Mixed Media allows students to do just that, experiment with more than one way of printmaking from monoprints to transfers– you name it. The freedom allowed in the class is awesome, mostly in part to Michael who really encourages us as students to think outside of the box and explore many different possibilities! I caught up with Michael a couple of weeks ago before his trip to Oslo, Norway where he has been invited to work with students at the National Academy of Art on a collective mural piece. Here he sheds some insight on his own teaching, and shares some of his work as well!
LD: What are you up to when you’re not teaching at Parsons?
MK: I make work, I travel.
LD: What do you like most about teaching? Do you have a teaching philosophy?
MK: I like Learning from my students. I don’t like being the teacher in front of the class. I like sharing what I know and understanding who my students are. I like finding out who they are, not on a personal or intimate level but I like to find out what they are about and I like them to make things for themselves and not for me. Finding out what their interests are and not what I’m interested in becomes interesting for them, to see how that exchange can produce work. Finding out who my classes are and shaping my class around who I meet is important to me.
I have no set formula, I like teaching in the moment. Because of my experience I don’t have to keep to a set thing. If I did, I would be bored. Every time I teach its something new. Based on things I’ve learned and understood but I try not to teach the same thing. I don’t like to grade my students and have them only feel rewarded if they succeed. I don’t want them to make products, I don’t want to know the answer. I want to find out what they’ve come up with. I like community, I like sharing things with people.
LD: Do you have a favorite class you like to teach?
MK: I like them all. I’m in love with print. There isn’t one I favor over the other. Some of my favorite classes have been when I’ve worked with a collective of people where we’ve made a huge collective piece. And that’s really scary because you really don’t know what’s going to happen, but I’ve liked doing that alot.

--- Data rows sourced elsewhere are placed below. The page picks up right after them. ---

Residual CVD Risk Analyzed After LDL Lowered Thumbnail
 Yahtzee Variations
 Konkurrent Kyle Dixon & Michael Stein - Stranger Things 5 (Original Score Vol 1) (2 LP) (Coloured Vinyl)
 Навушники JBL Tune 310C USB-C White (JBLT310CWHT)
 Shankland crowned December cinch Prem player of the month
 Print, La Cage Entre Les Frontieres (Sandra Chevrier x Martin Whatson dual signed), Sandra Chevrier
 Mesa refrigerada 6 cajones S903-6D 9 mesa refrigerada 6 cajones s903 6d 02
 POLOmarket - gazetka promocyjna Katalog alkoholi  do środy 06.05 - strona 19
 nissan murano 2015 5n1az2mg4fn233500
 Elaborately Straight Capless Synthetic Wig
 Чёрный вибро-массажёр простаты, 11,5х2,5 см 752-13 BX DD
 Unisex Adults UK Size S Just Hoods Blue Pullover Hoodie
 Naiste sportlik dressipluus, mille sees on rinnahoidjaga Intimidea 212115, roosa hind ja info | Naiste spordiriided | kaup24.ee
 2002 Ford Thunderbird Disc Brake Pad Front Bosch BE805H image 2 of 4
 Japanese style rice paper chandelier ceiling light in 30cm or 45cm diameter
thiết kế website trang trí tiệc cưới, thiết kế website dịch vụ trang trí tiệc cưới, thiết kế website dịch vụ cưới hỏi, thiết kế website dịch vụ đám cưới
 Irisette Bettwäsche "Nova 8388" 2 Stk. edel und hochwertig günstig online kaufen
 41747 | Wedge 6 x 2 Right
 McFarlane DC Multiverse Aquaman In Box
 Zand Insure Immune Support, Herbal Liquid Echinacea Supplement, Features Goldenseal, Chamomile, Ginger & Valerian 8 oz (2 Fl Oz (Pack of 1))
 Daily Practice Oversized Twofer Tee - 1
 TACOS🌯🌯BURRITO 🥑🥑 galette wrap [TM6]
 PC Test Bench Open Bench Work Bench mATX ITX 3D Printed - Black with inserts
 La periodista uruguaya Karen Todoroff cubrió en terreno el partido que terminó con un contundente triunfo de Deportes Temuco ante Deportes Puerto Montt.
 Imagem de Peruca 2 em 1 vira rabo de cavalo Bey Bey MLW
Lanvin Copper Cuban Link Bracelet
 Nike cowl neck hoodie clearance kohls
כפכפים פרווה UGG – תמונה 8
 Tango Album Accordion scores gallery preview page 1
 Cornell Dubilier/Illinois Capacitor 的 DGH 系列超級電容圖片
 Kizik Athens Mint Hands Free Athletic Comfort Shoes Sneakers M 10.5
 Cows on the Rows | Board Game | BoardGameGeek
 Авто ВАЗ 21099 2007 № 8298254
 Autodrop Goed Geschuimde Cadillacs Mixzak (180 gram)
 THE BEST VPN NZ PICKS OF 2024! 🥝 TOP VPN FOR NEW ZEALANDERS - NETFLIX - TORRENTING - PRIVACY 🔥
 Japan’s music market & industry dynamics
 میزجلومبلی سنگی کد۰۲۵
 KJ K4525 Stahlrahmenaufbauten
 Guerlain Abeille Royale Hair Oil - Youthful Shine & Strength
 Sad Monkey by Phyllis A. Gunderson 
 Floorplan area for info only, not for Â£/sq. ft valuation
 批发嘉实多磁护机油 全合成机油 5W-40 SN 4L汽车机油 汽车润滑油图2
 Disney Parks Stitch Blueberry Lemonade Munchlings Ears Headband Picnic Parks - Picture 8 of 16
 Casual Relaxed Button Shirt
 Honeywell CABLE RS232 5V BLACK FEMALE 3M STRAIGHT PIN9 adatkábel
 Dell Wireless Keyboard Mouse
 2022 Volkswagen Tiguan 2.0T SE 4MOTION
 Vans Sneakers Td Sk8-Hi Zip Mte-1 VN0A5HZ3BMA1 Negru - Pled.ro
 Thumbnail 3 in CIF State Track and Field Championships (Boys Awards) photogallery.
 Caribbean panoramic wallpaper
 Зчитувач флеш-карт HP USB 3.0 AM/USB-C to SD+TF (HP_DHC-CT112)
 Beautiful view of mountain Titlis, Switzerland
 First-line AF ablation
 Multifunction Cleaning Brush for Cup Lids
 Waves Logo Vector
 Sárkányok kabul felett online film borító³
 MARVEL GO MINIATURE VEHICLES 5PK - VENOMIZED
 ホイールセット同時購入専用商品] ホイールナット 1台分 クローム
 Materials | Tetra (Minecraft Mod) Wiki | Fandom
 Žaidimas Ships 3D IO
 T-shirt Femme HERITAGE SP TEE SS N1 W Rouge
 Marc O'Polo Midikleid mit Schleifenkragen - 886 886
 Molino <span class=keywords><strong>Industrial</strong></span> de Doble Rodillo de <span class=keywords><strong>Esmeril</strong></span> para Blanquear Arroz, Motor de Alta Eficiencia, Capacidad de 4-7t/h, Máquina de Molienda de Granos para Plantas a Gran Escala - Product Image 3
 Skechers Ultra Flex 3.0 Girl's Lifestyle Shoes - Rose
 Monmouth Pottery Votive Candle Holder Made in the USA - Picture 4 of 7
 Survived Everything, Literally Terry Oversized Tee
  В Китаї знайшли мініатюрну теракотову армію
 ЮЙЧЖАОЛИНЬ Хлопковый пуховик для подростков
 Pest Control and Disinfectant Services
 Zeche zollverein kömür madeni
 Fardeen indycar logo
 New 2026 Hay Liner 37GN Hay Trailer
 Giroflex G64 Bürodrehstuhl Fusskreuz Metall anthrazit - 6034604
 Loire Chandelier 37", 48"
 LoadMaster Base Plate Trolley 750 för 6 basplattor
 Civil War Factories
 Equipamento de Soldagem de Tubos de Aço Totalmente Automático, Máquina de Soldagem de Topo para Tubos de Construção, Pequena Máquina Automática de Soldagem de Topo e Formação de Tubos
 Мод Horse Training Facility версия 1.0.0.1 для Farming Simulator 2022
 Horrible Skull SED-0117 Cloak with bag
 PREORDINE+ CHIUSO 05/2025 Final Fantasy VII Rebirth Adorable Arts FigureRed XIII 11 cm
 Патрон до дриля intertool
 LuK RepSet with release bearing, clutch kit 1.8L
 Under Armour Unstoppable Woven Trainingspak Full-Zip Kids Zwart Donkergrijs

I also feel privileged. I’ve seen a lot of poverty in the places I’ve gone. I hate seeing things wasted. I’m a collecter, I pick up anything that’s left behind and extend it to those who don’t have anything.
LD: Can you tell me about the mural project you’re going to be working on in Oslo?
MK: I’ve been to Norway twice and I was invited by a friend of mine who teaches at the National Academy of Art, the top art school there to make a huge mural size print. I was the second American to ever show at the Norske Grafikere which was founded by Munch. That’s when I met the two printers I am going to be working with. I’m going to be working with 20 people and being that it’s a collective project they want me to get rid of everyone’s egos and have them work as a guild. We’re going to have two weeks to build a mural size piece that could be 40 feet long. The original premise was to use the massacre that happened there a year and a half ago and have them begin to deal with that. The piece is going to have a personal message for all those involved whether it be about that or something else I don’t know.
LD: Advice for prospective or current students?
MK: I don’t like giving advice (laughs).
Thanks to Michael for chatting with me and I urge all current and prospective students to definitely try a printmaking elective here at Parsons!